She was hired to teach at the University of California, San Diego in 1966. She proposed opening a Bach institute on campus. Instead, Muir College Provost John Stewart kept the focus on avant garde music of the 20th century, and Tureck's Bach project never began. She left UCSD a few years after that.

For a while she followed Wanda Landowska in playing Bach's keyboard music on a harpsichord but later returned to playing the piano. In 1970, Tureck performed in Boston for the Peabody Mason Concert series. She was an honorary fellow of St Hilda's College, Oxford.

Author William F. Buckley, a friend of Tureck's, when writing in his magazine National Review often called her "J.S. Bach's representative on Earth".

In a CBC radio special on Glenn Gould, the host told Tureck that Gould cited her as his "only" influence. He recalled: "It was playing of such uprightness, to put it into that moral sphere."

On March 18, 1986, she played during the state dinner hosted by President Ronald Reagan.

In 1990 she served on the jury of the Paloma O'Shea Santander International Piano Competition.

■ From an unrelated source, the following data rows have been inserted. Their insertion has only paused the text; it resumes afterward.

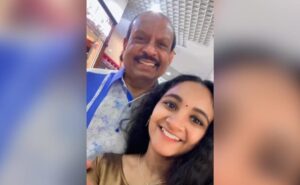 Read more about the article Indian Billionaire Stops For Selfie With Fan In Abu Dhabi, His “Humble” Gesture Wins Internet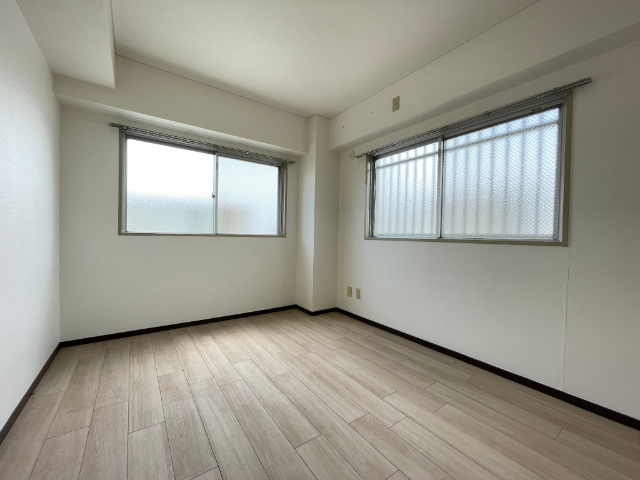 その他　北側洋室です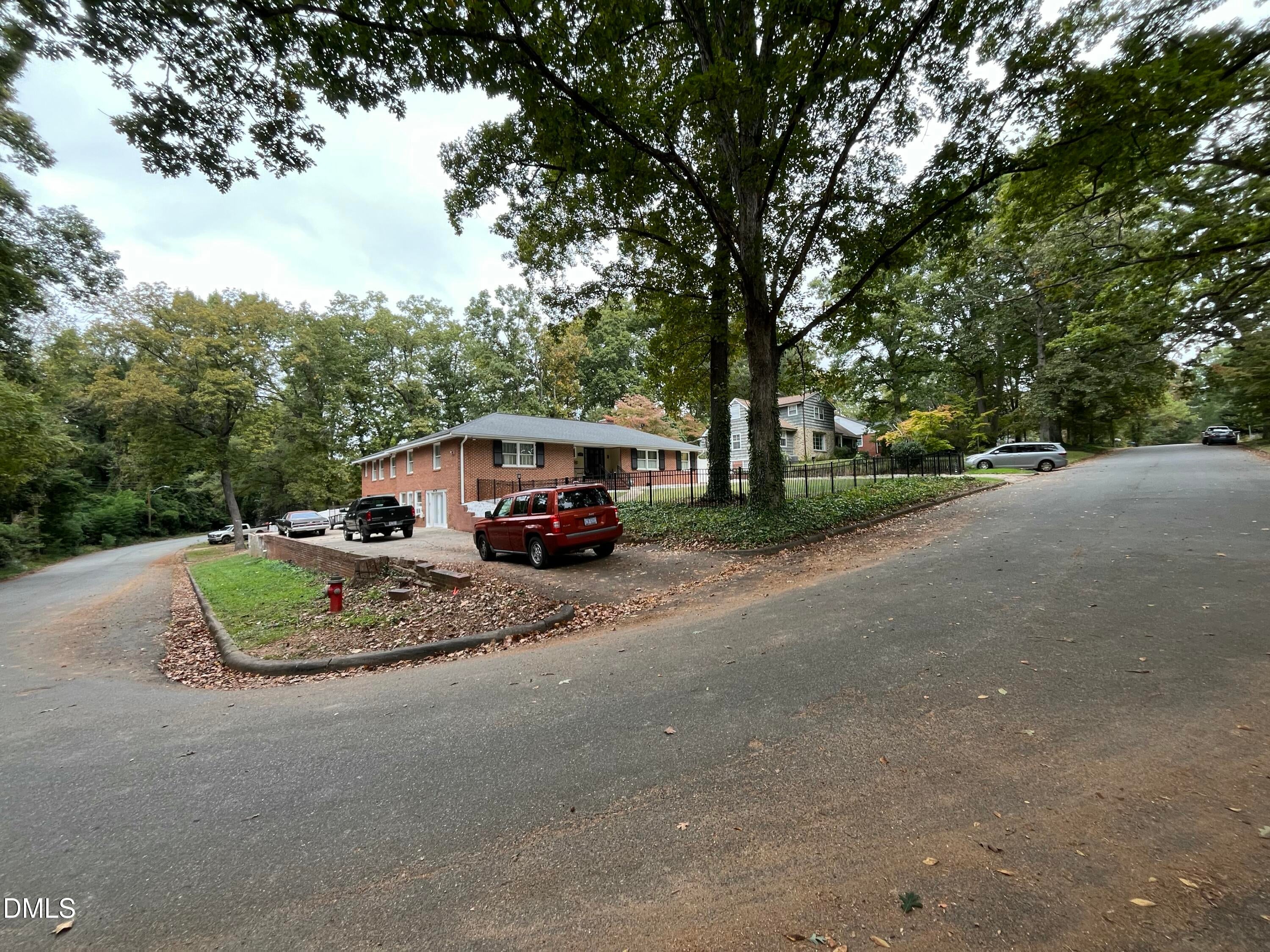 Burlington, North Carolina, 27215, United States, 6 Bedrooms Bedrooms, ,5 BathroomsBathrooms,Residential,For Sale,1999831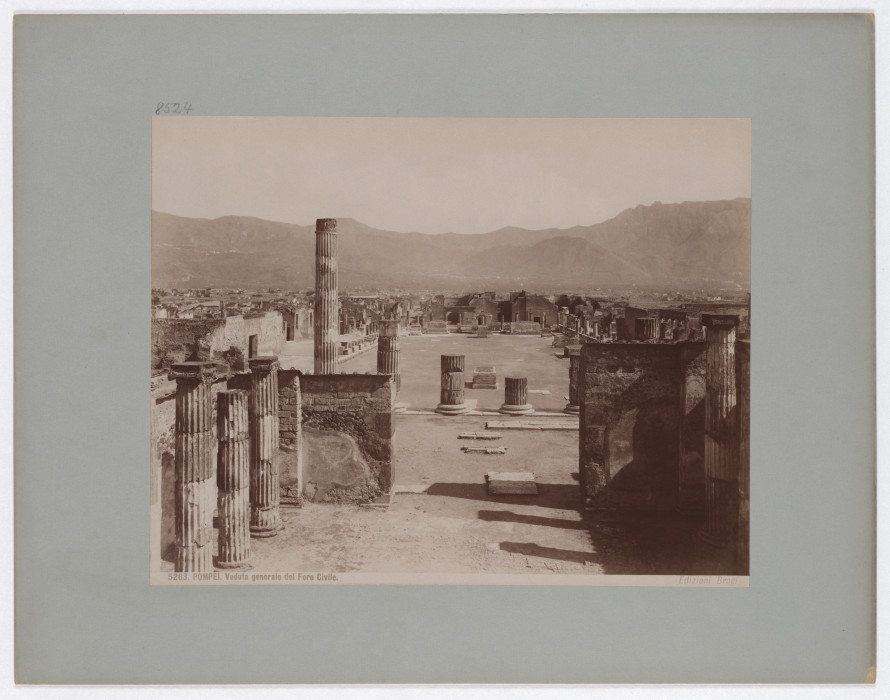 Pompeii: General view of the Civil Forum, No. 5263 a Giacomo Brogi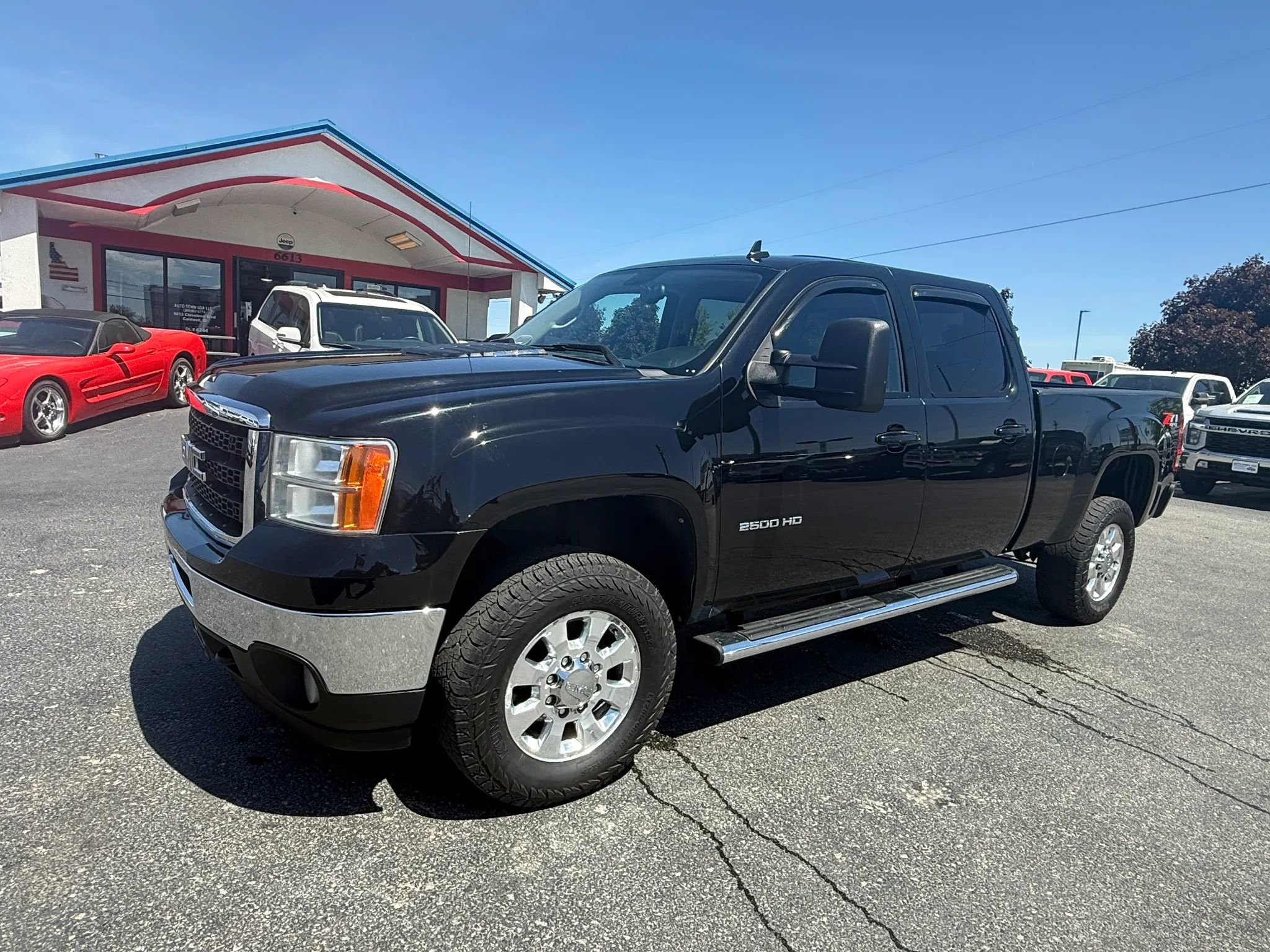 Used 2011 GMC Sierra 2500 SLT w/ Suspension Package, Off-Road AWD/4WD image 1
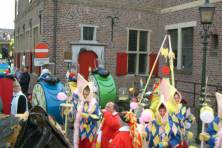 2003-Bombakkes-Carnavalsoptocht-gezien-vanaf-Ex-Prinsenwagen-09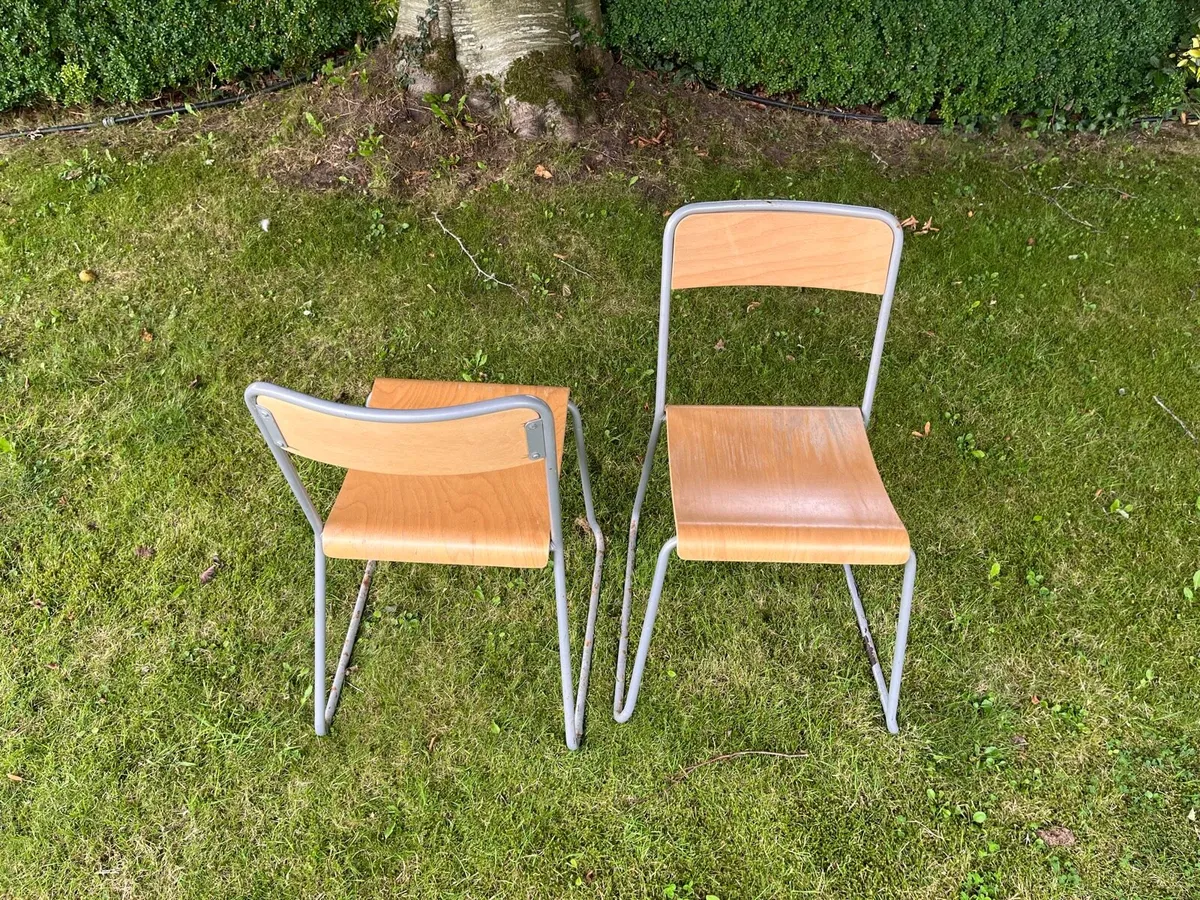 2 chairs - Image 2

During 2000 and 2001, Tureck lived in Spain teaching and practicing every day of the week, specifically in Estepona, Málaga, where she remained for a year in retirement.

Tureck was among the founders of the Music Academy of the West summer conservatory in 1947.

She died at her home in Riverdale, New York City in 2003, aged 89. Her scores and recordings were given to the Music Division and the Rodgers & Hammerstein Archives of Recorded Sound, both divisions of the New York Public Library for the Performing Arts.